Avalanches weren’t – and aren’t – only a backcountry threat

 

In the handful of times I’ve visited Missoula, Montana, the grassy slopes of neighboring L- and M-emblazoned Mounts Jumbo and Sentinel have never looked any more threatening to me than the hogbacked foothills that yaw out of the ground west of Boulder, Colorado, my hometown. Velvety, yes. Curved like a set of relaxed shoulders, yes. Welcomingly draped in the low-angled sun of late afternoon, yes. Avalanche death zone? Not so much.

But on Feb. 28, an unusually intense blizzard snapped a wet quilt of deep snow over the valley, rumpling it into drifts and slabs with gusts up to 50 mph. Atop Jumbo and Sentinel, as well as the surrounding mountains, a weak crust of ice that unseasonably warm weather had glazed over the existing snowpack earlier in the week strained beneath the weight.

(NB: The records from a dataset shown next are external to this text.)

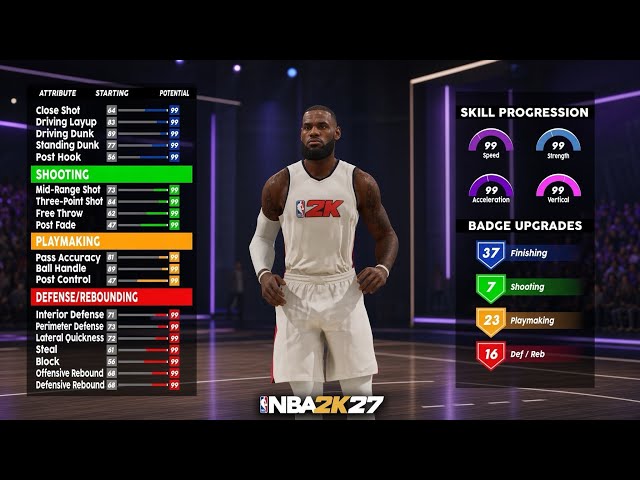 How to Make the BEST Possible Build in NBA 2K27 (Fully Optimized)
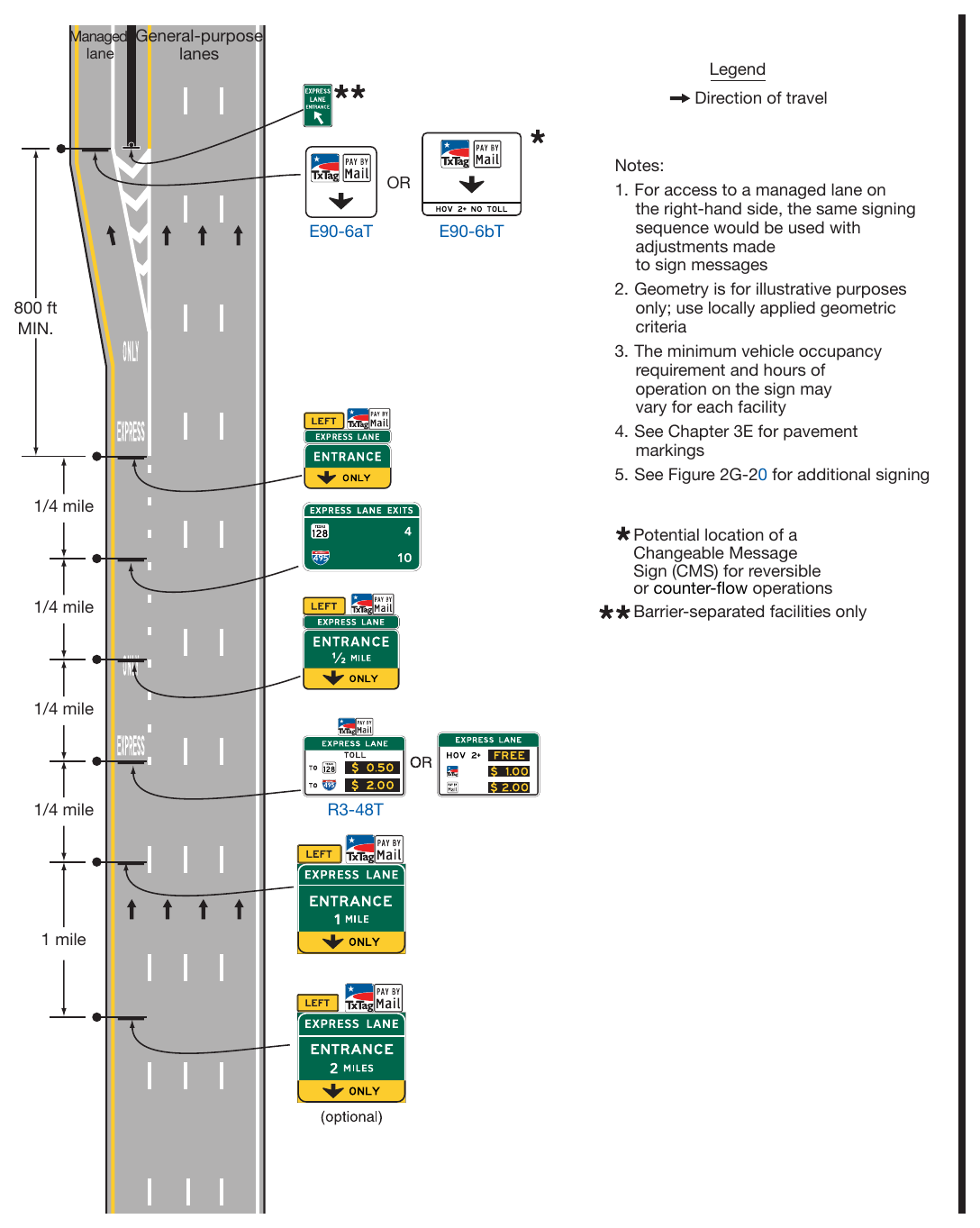 Figure 2G-22. Examples of Signing for the Entrance to an Access-Restricted Priced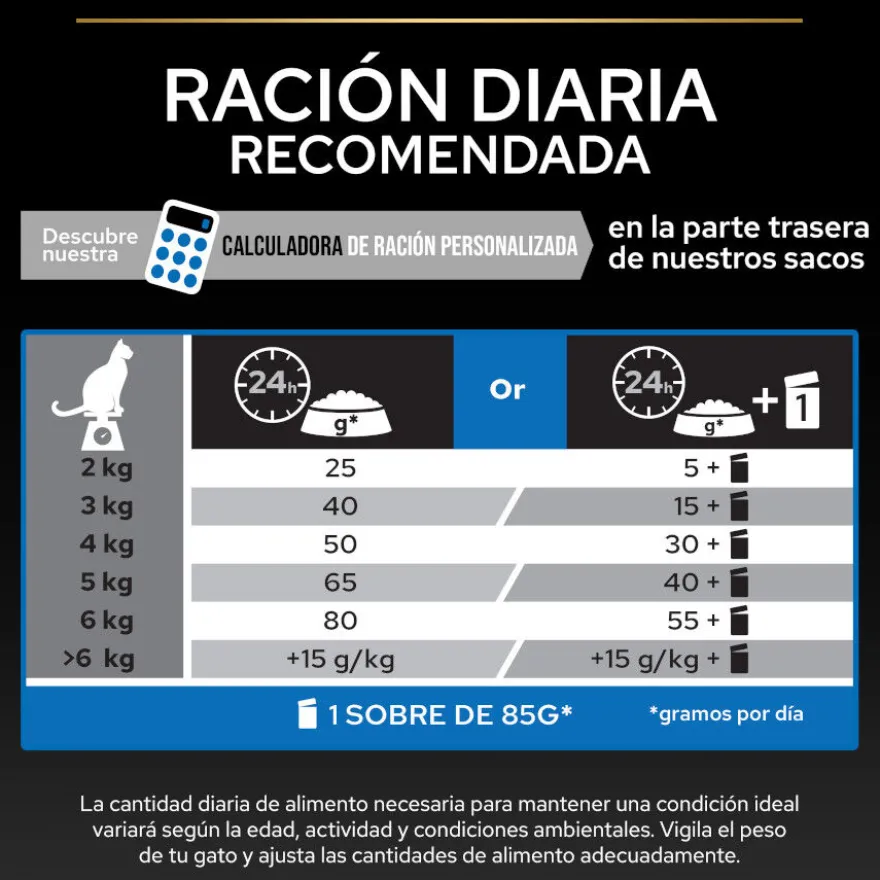 Pro Plan Senior Sterilized Pavo Pienso para gatos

When a group of snowboarders started down Jumbo closed since November to protect a wintering elk herd – around 4 p.m., that strain released spectacularly. A large slab avalanche ran from near the mountain’s peak almost 1,300 vertical feet into a neighborhood on the valley floor, obliterating a two-story house, damaging several other homes and vehicles, and worst of all, burying three people. Over 100 first responders, search and rescue personnel, neighbors and volunteers converged on the area with shovels and probes to find and dig them out. All were recovered alive; one ultimately died from her injuries.

The Jumbo avalanche path of Feb. 2014, marked in red, in Missoula, Montana. Courtesy City of Missoula.

It was, according to most accounts, a freak accident. No one can remember a big slide coming down that path in the 60 to 80 years homes have been at its base, says Assistant Director of Missoula Development Services Don Verrue. In fact, any in-town avalanche fatality is kind of a freak thing these days; most folks unlucky enough to get caught (and it’s been a bad winter, with 22 killed to date) are far in the backcountry, chasing turns on fresh powder. But it wasn’t always that way: Avalanches used to exact their biggest toll on unlucky travelers, miners and mountain communities, not on farflung skiers.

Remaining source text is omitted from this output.